[[ Information provided open ]]
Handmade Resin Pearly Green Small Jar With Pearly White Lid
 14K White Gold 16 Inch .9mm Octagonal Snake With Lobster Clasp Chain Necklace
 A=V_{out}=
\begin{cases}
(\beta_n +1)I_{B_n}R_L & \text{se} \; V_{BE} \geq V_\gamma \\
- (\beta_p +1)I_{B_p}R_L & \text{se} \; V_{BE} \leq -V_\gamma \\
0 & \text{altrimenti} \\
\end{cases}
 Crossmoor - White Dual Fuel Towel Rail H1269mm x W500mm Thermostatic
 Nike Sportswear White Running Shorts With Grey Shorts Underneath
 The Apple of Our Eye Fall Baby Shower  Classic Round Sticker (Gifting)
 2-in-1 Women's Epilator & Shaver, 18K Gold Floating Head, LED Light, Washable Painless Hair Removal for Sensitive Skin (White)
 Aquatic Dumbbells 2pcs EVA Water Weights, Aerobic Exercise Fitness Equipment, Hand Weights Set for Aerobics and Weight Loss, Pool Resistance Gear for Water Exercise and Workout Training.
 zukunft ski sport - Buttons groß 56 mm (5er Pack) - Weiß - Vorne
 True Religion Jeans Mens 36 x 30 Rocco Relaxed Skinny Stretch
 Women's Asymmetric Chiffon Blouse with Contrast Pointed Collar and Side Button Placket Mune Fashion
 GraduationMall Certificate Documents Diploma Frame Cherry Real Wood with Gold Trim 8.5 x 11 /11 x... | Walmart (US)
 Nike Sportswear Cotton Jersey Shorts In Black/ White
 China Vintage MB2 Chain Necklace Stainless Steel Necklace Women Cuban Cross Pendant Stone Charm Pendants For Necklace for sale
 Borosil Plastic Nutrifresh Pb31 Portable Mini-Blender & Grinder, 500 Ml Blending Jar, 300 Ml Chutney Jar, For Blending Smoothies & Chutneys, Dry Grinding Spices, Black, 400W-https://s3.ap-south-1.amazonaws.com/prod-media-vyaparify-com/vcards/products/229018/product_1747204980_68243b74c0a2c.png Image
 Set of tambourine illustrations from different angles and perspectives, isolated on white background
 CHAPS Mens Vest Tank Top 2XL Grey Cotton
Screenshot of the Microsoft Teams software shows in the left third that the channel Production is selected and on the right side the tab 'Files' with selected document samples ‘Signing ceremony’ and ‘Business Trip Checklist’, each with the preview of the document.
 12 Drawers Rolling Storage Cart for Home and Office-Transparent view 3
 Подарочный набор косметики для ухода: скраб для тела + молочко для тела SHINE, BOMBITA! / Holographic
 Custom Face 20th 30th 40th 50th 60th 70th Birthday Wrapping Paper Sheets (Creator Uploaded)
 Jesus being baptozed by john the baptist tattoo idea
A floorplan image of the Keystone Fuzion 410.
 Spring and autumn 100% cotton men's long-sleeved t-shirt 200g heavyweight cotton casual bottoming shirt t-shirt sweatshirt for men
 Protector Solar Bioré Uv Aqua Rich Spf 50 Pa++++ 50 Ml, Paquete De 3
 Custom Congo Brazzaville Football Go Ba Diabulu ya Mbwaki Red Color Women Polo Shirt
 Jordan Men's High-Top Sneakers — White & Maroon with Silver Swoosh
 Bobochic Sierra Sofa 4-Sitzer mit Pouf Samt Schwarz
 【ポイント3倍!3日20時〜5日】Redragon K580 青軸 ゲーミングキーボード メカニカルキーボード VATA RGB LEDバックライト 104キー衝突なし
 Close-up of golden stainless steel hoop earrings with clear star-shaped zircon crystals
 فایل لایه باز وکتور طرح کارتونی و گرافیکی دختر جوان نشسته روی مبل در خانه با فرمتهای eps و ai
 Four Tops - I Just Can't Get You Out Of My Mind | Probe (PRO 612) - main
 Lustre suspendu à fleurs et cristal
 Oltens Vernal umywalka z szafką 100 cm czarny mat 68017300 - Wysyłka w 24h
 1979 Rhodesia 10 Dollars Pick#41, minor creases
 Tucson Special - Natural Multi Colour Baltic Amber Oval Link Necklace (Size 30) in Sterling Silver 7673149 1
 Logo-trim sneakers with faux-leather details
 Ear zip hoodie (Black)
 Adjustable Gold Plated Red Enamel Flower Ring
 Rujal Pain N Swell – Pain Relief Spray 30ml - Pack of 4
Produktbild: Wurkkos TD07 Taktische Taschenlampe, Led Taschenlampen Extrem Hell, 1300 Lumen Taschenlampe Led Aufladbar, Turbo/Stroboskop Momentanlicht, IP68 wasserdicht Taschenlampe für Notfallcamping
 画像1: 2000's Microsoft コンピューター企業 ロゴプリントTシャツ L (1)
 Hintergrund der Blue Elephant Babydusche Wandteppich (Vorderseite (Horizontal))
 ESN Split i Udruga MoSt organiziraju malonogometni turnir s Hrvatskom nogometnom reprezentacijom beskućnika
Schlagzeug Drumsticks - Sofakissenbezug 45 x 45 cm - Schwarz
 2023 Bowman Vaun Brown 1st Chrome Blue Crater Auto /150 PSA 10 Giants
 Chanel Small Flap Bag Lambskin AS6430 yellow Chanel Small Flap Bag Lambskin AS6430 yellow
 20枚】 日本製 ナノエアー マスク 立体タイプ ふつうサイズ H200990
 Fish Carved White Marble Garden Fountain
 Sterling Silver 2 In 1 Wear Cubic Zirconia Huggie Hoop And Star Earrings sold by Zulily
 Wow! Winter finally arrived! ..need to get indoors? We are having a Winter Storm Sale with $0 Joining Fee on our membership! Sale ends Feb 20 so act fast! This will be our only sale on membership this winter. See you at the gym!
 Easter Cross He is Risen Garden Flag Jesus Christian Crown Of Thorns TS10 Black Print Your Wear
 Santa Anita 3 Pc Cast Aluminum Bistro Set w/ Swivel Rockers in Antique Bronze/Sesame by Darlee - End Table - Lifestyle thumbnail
[[ Information provided closed ]]
How to complete this task: Look through the entries and copy every line in which the string "gamma" appears.

Written answer:
(\beta_n +1)I_{B_n}R_L & \text{se} \; V_{BE} \geq V_\gamma \\
- (\beta_p +1)I_{B_p}R_L & \text{se} \; V_{BE} \leq -V_\gamma \\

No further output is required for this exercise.